Energy storage

Electrochemical batteries, i.e. accumulators, allow for storing energy in an easier to restore form. An advantage of accumulators is their high value of energy density parameter.  Energy density is a unit amount of gathered electric energy, which can be presented volumetrically or in mass. A disadvantage of using accumulators is their self-discharge, use of the accumulator that presents itself in change of parameters - i.e. battery aging, long charging time, effect of temperature on the accumulator, and, in case of some technical solutions, short durability time.

In solutions used in energy storages, two types of batteries are used: acid-lead and lithium-ion.

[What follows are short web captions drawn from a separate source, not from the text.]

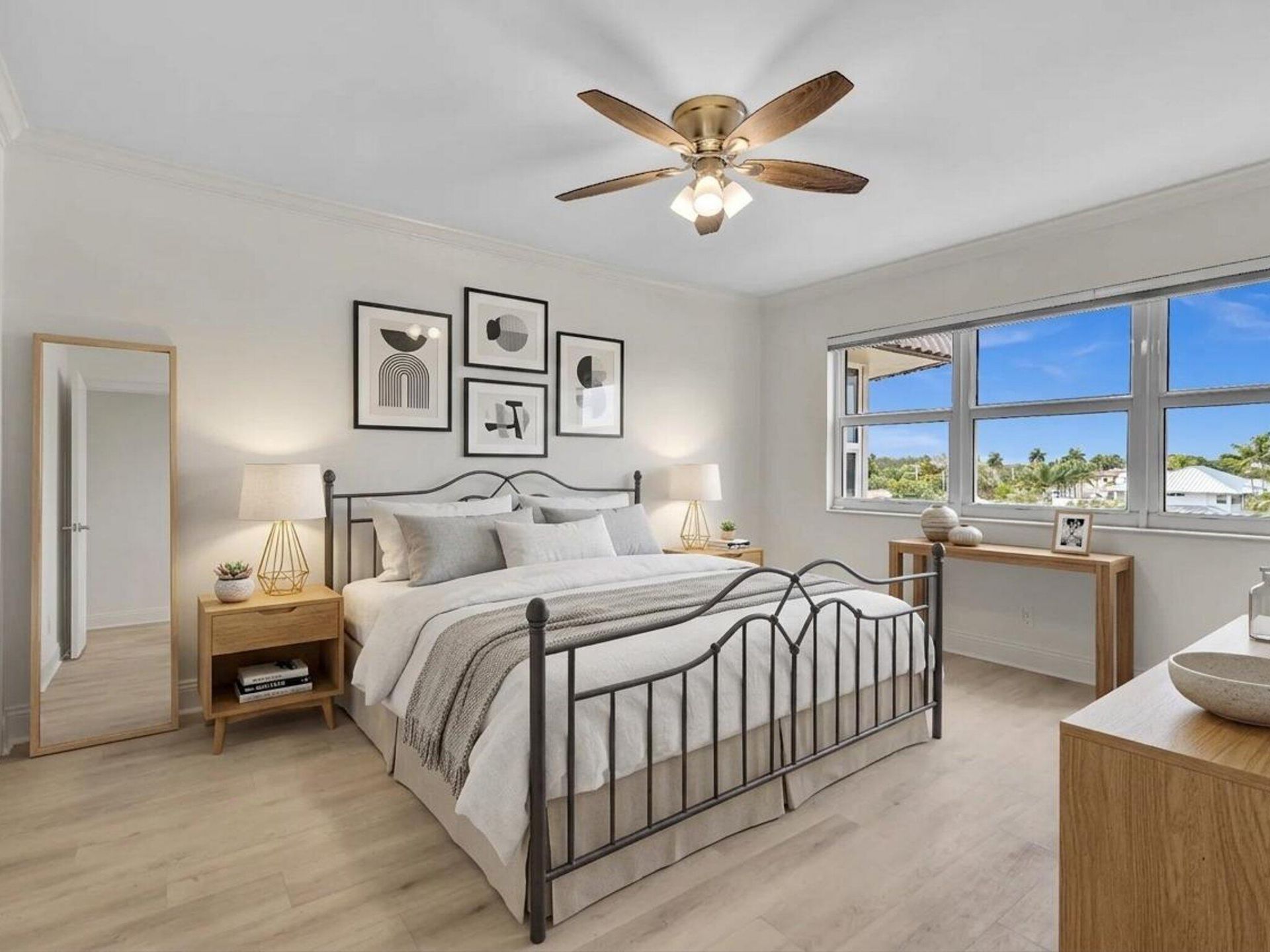 3031 NE 51st Street, Unit 403w, Fort Lauderdale, FL 33308 Photo
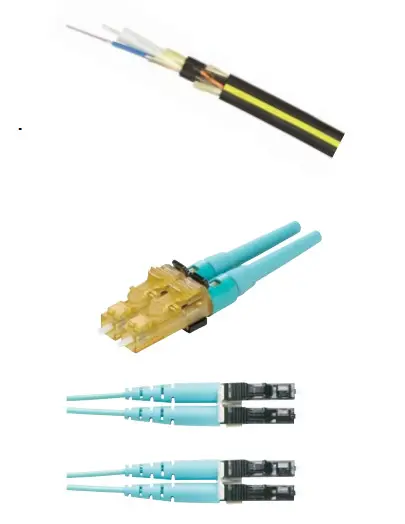 PANDUIT BT4LH-L0 Dome-Top Barb Ty Cable Tie - Figure 120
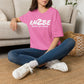 RN2BE_Write the Vision Tee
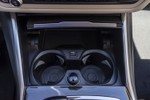 BMW Serie 3 Touring 320dA  190cv Aut  ocasión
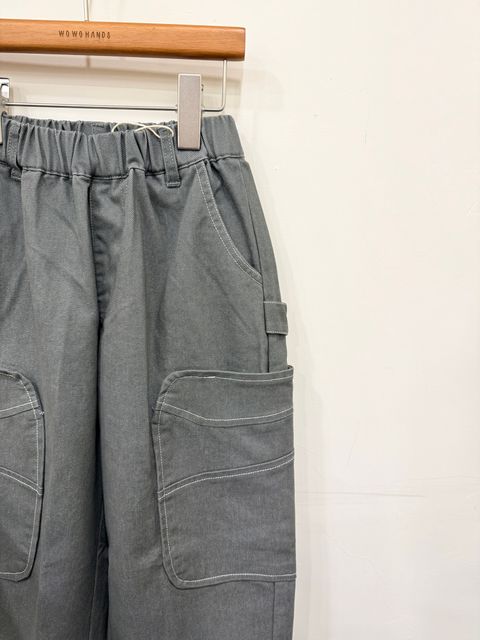 image_4763EB08-5D2B-4330-BAD6-179C7C2311B7_1769769744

Acid-lead batteries achieve efficiency of 70%. They are relatively cheap, with a simple charging system and the possibility of short overload with high currents, that is why they're used in UPS. Their key flaw is short durability (1000 cycles charge-discharge) and their construction. In acid-lead batteries the electrolyte is in a liquid form, which can cause leakage, and this creates the need to refill the electrolyte. To eliminate this issue acid-lead batteries are made as autonomous:

• SLA – Sealed Lead Acid 
• VRLA – Valve Regulated Lead–Acid

They are produced in two technologies:

• Gel batteries, in which water solution of sulfuric acid mixed with silica has a form of a gel and plays a role of an electrolyte. However, this solution has one flaw - limits discharging with high currents, which makes them rarely used in high-power systems.
• AGM batteries (Absorbed Glass Mat), in which the electrolyte is absorbed in a separator made of a porous glass mass.

Li-ion batteries achieve efficiency of 94%. These cells are one of the lightest, thus they’re used in electronics and recently in electric cars. Batteries used in electric cars are more durable (durability on a level reaching up to several dozens of years, which as charging cycles can reach up to 1800 charge-discharge cycles) than their electronic equivalents, and are equipped with cooling and heating systems. These cells can be quickly changed from 0 to 80% in 15–30 minutes without a significant effect on their durability. Due to achievements in electromobility, it is considered to use li-ion batteries as stationary energy storage in renewable energy installations, which are characterized by irregular and unstable work.

Ni-metal-hydrogenic batteries (NiMH) achieve efficiency up to 92%, with durability up to 2000 charge-discharge cycles. The most important benefit of these cells is that they do not contain toxic cadmium. These cells are characterized by high density of energy, capacity and lowered memory effect. Their disadvantage is a lack of possibility to give back big currents. NiHM batteries are susceptible for self-discharge, but the producers are still developing the technology and trying to decrease this effect.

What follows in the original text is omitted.